(a) Determine the following integrals, make a direct substitution and change of limit where necessary: (i) \( \int x \sqrt{x^{2}+3} d x \) (ii) \( \int \frac{2 \sin x}{\cos x(1+2 \ln \cos x)} d x \) (iii) \( \int\left(\frac{x^{2}-4}{x+2}\right) d x \) (iv) \( \int_{0}^{\frac{\pi}{3}}\left(1+\cos ^{3} x\right) \sin x d x \) (v) \( \int_{0}^{1} \frac{u^{3}}{u^{4}+2} d u \) (b) Determine the area enclosed by the graph of \( f \) and \( g \), where \[ f(s)=\left\{\begin{array}{lll} 2-s & \text { if } & s<0 \\ s+2 & \text { if } & s \geq 0 \end{array}\right. \] and \[ g(s)=s^{2} \] [25]

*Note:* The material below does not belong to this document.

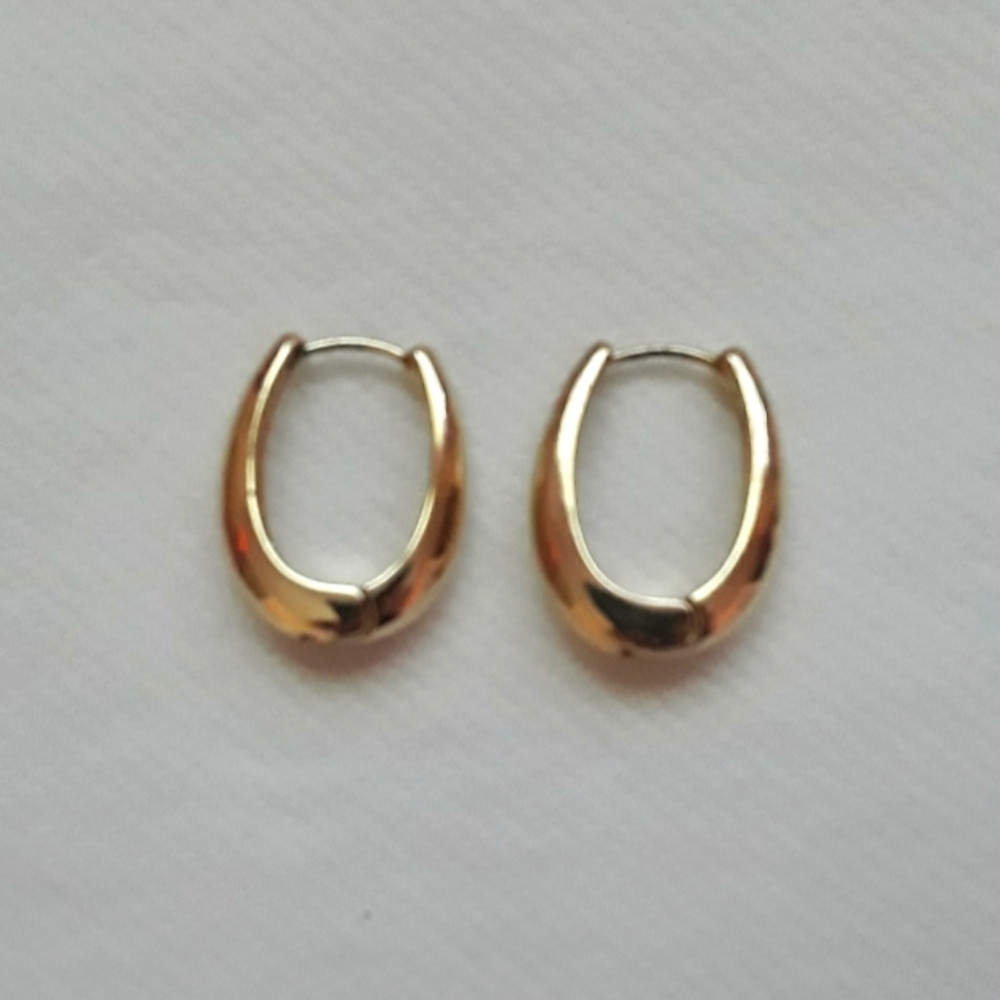 Goldtone 3/4" earrings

To tackle the integrals, let's break them down step by step! **(i)** Start by using substitution. Let \( u = x^2 + 3 \), then \( du = 2x \, dx \). Rearranging gives \( dx = \frac{du}{2x} \). Notice that \( x = \sqrt{u - 3} \) when \( u \) replaces \( x^2 + 3 \). The integral becomes: \[ \int x \sqrt{x^{2}+3} \, dx = \frac{1}{2} \int \sqrt{u} \, du = \frac{1}{2} \cdot \frac{2}{3} u^{3/2} + C = \frac{1}{3} (x^2 + 3)^{3/2} + C. \] **(ii)** The integral can be simplified via substitution with \( u = \ln \cos x \), hence \( du = -\tan x \, dx \). Thus, rewriting gives: \[ \int \frac{2 \sin x}{\cos x(1 + 2 \ln \cos x)} \, dx = \int \frac{-2}{1 - 2u} \, du = -\ln |1 - 2\ln \cos x| + C. \] **(iii)** Divide \( \frac{x^2 - 4}{x + 2} = x - 2 \). Thus: \[ \int \left( \frac{x^2 - 4}{x + 2} \right) \, dx = \int (x - 2) \, dx = \frac{x^2}{2} - 2x + C. \] **(iv)** Use the substitution \( u = \cos x \) such that \( du = -\sin x \, dx \). Change limits accordingly. Evaluating gives: \[ \int_{0}^{\frac{\pi}{3}} (1 + \cos^3 x) \sin x \, dx = -\int_{1/2}^{1} (1 + u^3) (-du) = [u + \frac{u^4}{4}]_{1/2}^{1}. \] **(v)** This requires a substitution \( w = u^4 + 2 \). Then \( dw = 4u^3 \, du \) alters our integral to: \[ \int_{0}^{1} \frac{u^3}{u^4 + 2} \, du = \frac{1}{4} \int \frac{1}{w} \, dw = \frac{1}{4} [\ln(w)] + C = \frac{1}{4} \ln(3). \] **(b)** For the area between \( f(s) \) and \( g(s) \), first find the intersection points by setting: \[ 2-s = s^2 \quad \text{(for } s<0 \text{)}. \] This leads to solving \( s^2 + s - 2 = 0 \), yielding roots \( s = 1 \) and \( s = -2 \). Thus, integrate: \[ \text{Area} = \int_{-2}^{0} (2 - s - s^2) \, ds + \int_{0}^{1} (s^2 - (s + 2)) \, ds, \] carefully taking differences and adding absolute values for areas above and below the x-axis! And voila! Each integral and area calculation done with a sprinkle of mathematical fun!